When Naipaul turns to "Heart of Darkness," he concentrates on Marlow's discovery, in a riverside hut, of an obscure book on navigation. One approach to "Heart of Darkness" is to focus on the dialectic the tale enacts between "civilization" and "savagery" -a dialectic summed up in Marlow's account of his own desire for a "howl and a dance." But that tattered volume suggests something more complicated. For what is it doing in the Congo at all? An Inquiry into some Points of Seamanship seems innocent enough, and yet both its presence and its subject speaks to the often appalling business of a world slowly knitting itself into one. So too does its owner, a young Russian whose "very existence" in Africa seems "improbable, inexplicable." It is, however, no more "inconceivable" than Marlow's own, and at the end of the story Conrad proffers a vision of a great "waterway leading to the uttermost ends of the earth," a vision that presents the cargo-carrying Thames-"this river"-as running out across the ocean and up into the mouth of "that river," of the Congo itself. The two become as one, a world in which the land is stitched together by water: a liquid world, through which both capital and people themselves seem perpetually to stream.

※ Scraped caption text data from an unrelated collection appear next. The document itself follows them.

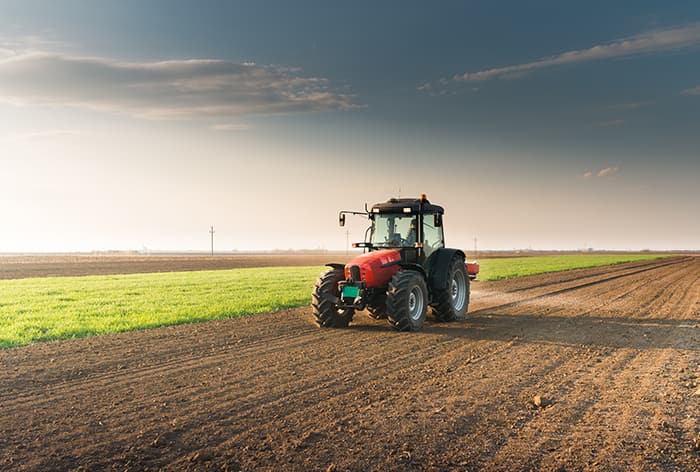 field
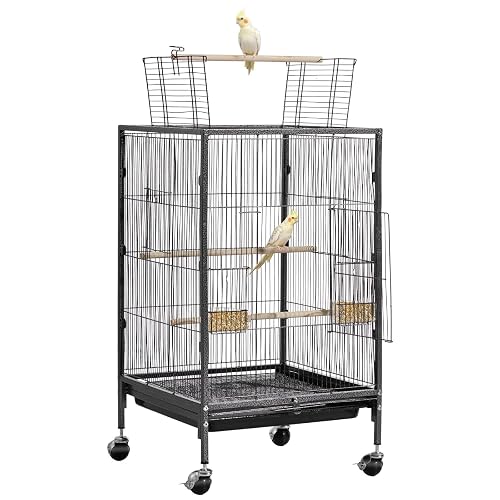 Best Bird Toys & Enrichment 2026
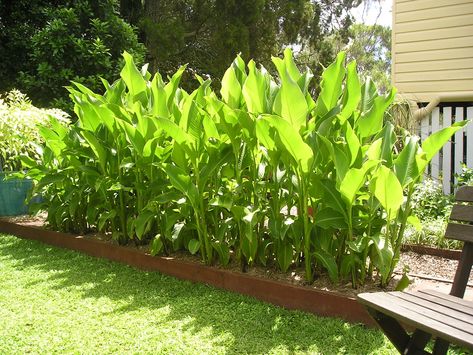 Canna Lily, Rooftop Terrace Design, Kinds Of Fruits, Permaculture Gardening, Fruit Vegetables, Terrace Design, Herbs And Spices, Tropical Garden, Growing Vegetables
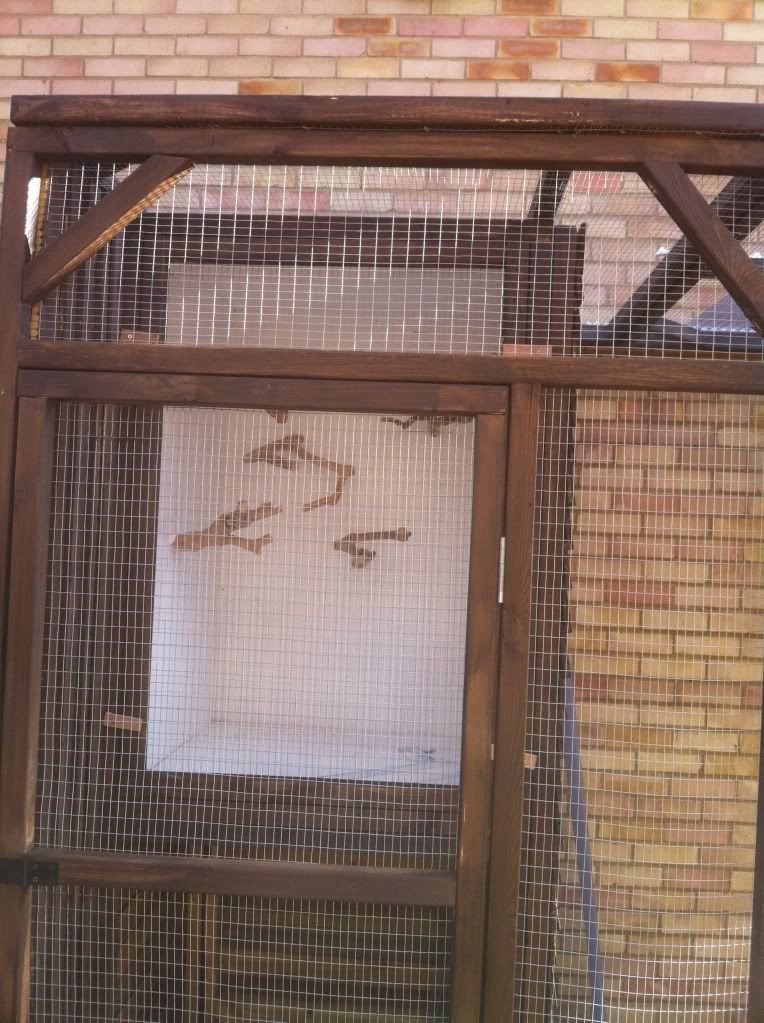 Im Building an aviary. Aviary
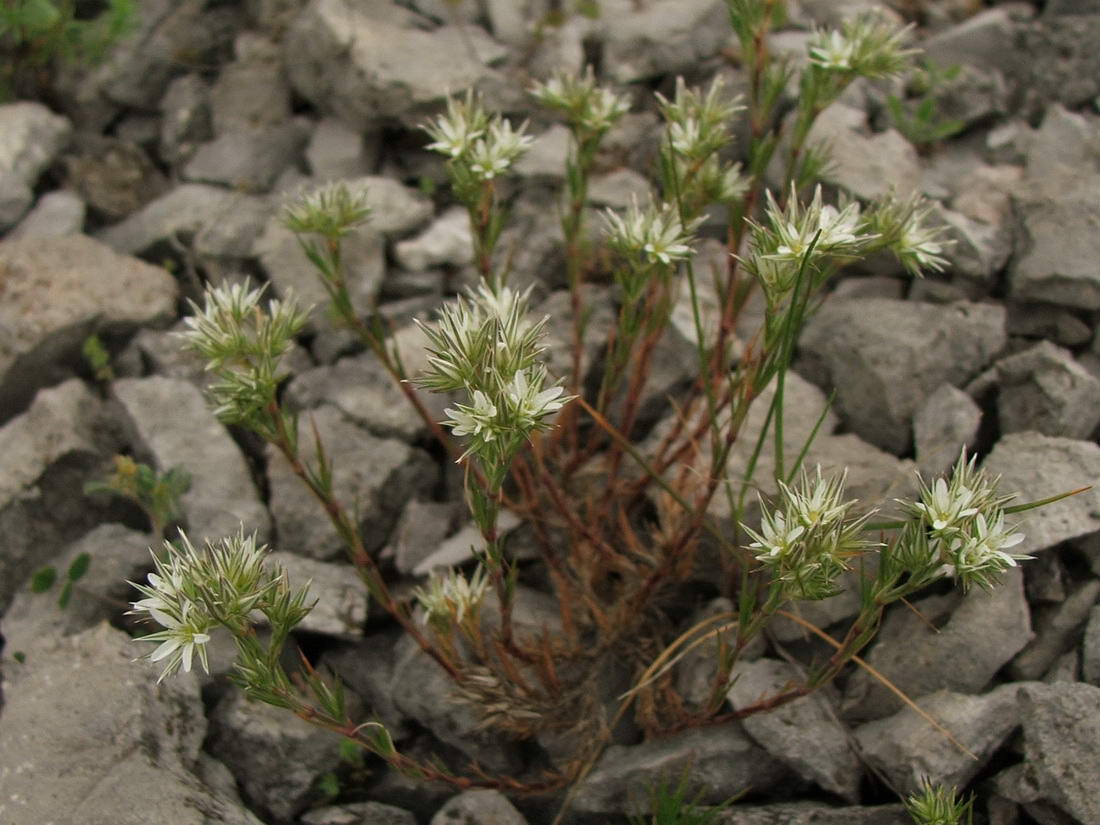 Image of Minuartia glomerata specimen.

Every page that Conrad wrote both presumes and undermines an identity between person and place, for he relies on the fixities of nineteenth-century nationalism to define his characters even as he charts a world in which they are all out of joint. Take "Typhoon" (1902), in which the steamer Nan-Shan moves under its Irish captain through the China Sea, carrying a freight of what we would now call guest workers, "coolies returning to their village homes." Take Nostromo, set in what Naipaul describes as a "half-made" Latin American republic, where the indispensable man of the people is a Genoese sailor, the funding comes from San Francisco, and the country-born tycoon is ineradicably English. To read Conrad in this way is to remember that one of the places he had been before Naipaul was London itself, that great beach of the unsettled and the lost.

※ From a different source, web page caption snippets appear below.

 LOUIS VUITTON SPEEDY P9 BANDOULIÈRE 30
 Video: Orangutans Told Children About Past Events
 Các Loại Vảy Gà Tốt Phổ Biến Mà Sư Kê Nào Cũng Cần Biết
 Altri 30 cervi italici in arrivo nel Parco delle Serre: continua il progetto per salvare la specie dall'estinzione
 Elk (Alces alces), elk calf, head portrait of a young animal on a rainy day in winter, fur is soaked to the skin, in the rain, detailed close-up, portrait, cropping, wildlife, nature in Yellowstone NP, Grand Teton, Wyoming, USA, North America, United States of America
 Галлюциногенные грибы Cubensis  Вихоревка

In fact, it sometimes seems that the hardest thing to find in his books is a British subject at work in a part of the map splotched red. Conrad saw what would come. He maps the upheaval and the restlessness produced by a world system, an incipient global society, at the very moment it comes into being. The Congo's European outposts may cloak their greed in the fiction of progress, but the imperialism Conrad describes isn't concerned with administration so much as with money, with the movement of commodities like ivory and rubber and even, in one story, potatoes. It is a system so powerful that it can either supersede governments or bend them to its will, as it does in Nostromo, where the Occidental Republic comes into being for the sake of the San Tomé mine. For in the "development of material interests," as that novel's Dr. Monyngham says, "There is no peace and no rest," no true center and no final periphery, no border and no home.